Depois que um livro é escolhido, é selecionado o crítico que irá resenhá-lo. Primeiro, o pré-crítico sugere o nome de quatro ou cinco possíveis críticos para cada livro recomendado. Tanenhaus decide quem fará as críticas. Não é regra, mas a maioria das resenhas é escrita por pessoas de fora da equipe do jornal. O crítico escolhido pelo editor passa então por uma série de perguntas. O objetivo é descobrir se não há nenhum conflito de interesses entre ele e o autor do livro.
Às vezes, não há o conflito em si, mas a possibilidade dele. A escritora Kathryn Harrison, autora do livro de memórias The Kiss, foi escolhida para fazer a crítica do livro Are Men Necessary?, da colunista do Times Maureen Dowd. Em 1997, entretanto, Maureen resenhou o livro de memórias de Kathryn, sobre o caso incestuoso que teve com seu pai. Na crítica, a colunista se referiu ao livro como ‘gente estranha falando sobre gente estranha’.
Notáveis do ano
Já a lista dos livros notáveis do ano deve conter apenas obras que tenham sido resenhadas nos últimos 12 meses. A seleção começa com cerca de 400 livros que tenham entrado, ou subido, rapidamente na lista dos mais vendidos do Times ou tenham sido citados como ‘escolha do editor’. Tanenhaus, Harris e Garner escolhem os 100 livros que entrarão na lista por ‘consenso’. Eles afirmam que não dão atenção especial a livros escritos por funcionários do Times.

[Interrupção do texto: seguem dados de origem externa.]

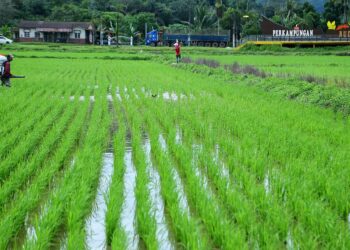 HASIL tuaian padi yang masih belum mencukupi di Negeri Sembilan menjadi faktor sebuah kilang memproses padi masih belum dapat dibina di negeri ini.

Calame ressalta que, na lista do rival Washington Post, quatro dos 69 livros de não-ficção são de autores que trabalham para o jornalão nova-iorquino.
O ombudsman diz que o julgamento recebido por um livro, desde o começo do processo de escolha, acaba caindo no domínio da subjetividade. Ele afirma, entretanto, que acredita que Tanenhaus e sua equipe se importam genuinamente com os leitores e o mundo literário, e querem que suas escolhas tenham credibilidade. Ainda assim, a percepção de conflito de interesses na escolha dos livros que receberão resenhas e dos que entrarão na lista dos notáveis pode comprometer a transparência do processo. Talvez seja o momento de se buscar novas soluções para este problema, conclui Calame.